Subversives: The FBI’s War on Student Radicals and Reagan’s Rise to Power by Seth Rosenfeld (2012). Rosenfeld spent 30 years working on this book. He stumbled into the subject matter by happenstance, when his editor at the Daily Cal called him up in the late 1980s and asked him to look at some files the paper had just received from the FBI. That launched Rosenfeld on a quest to uncover the FBI’s secret spying endeavors against student activists, UC Berkeley professors, President Clark Kerr, Mario Savio, and others. Rosenfeld brings the 1950s and 1960s to life by intertwining narratives of Kerr, Savio, and Ronald Reagan, who, as president of the Screen Actors’ Guild, was only to happy to smear those he thought held leftist political views. Reagan was encouraged and supported by FBI Director J. Edgar Hoover. Rosenfeld also reveals that a well-known radical was an informant for the FBI.
Berkeley books: Fiction

Western Shore, by Clarkson Crane (1925). A graduate of UC Berkeley’s class of 1916, Crane “took the cliché-ridden genre of the “college story” — with its pennants and hip flasks and coonskin coats” — and gave it a new and unexpected twist: one of the main characters is a homosexual professor of English teaching at Berkeley in the year 1919, according to the Bancroft library. Crane sold his first short story to the Atlantic Monthly right after graduation, served in the U.S. Ambulance Corps during World War I, made up mostly of Cal alums, and returned to France in 1924 where he wrote Western Shore in a small hotel on the Left Bank. Western Shore shows readers the Cal campus of the teens, including places like the Old Men’s Swimming Pool in Strawberry Canyon. It also exposes what life was like when people had to hide their sexual orientation.

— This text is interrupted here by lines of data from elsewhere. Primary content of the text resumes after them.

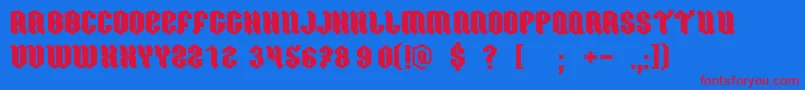 Ordnung Font – Red Fonts on Blue Background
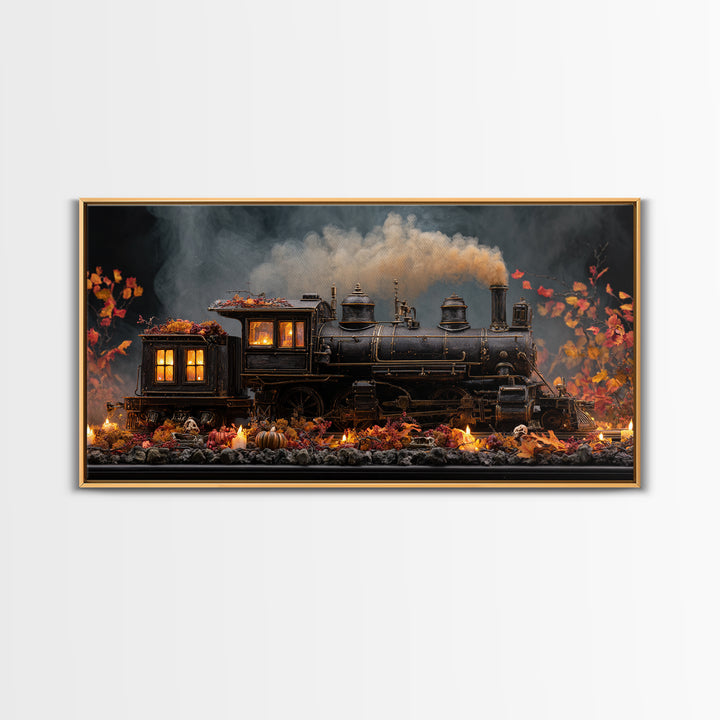 The Phantom Train Of October - Occult Still Life, Macabre Halloween Art, Wide Panoramic Art, Framed Canvas Print, Halloween Home Decor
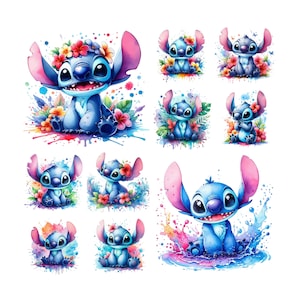 10 PNG Stitch Watercolor Diseño digital Archivo PNG para sublimación - Alta resolución, Descarga PNG digital instantánea, Diseños de camisetas, png de cumpleaños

Anthony Boucher is a pseudonym for William Anthony Parker White, a science fiction editor and mystery writer who set several books in Berkeley. His novel Nine Times Time, was voted one of the best locked room mysteries ever written. He got his master’s in English from UC Berkeley in 1934, and his first mystery, The Case of the Seven of Calvary, was published in 1937. It was set on the Cal campus and the heroine was modeled after local writer Helen Rand Parish, according to the Berkeley Public Library. Other titles include The Case of the Crumpled Knave, The Case of the Baker Street Irregulars, and Rocket to the Morgue.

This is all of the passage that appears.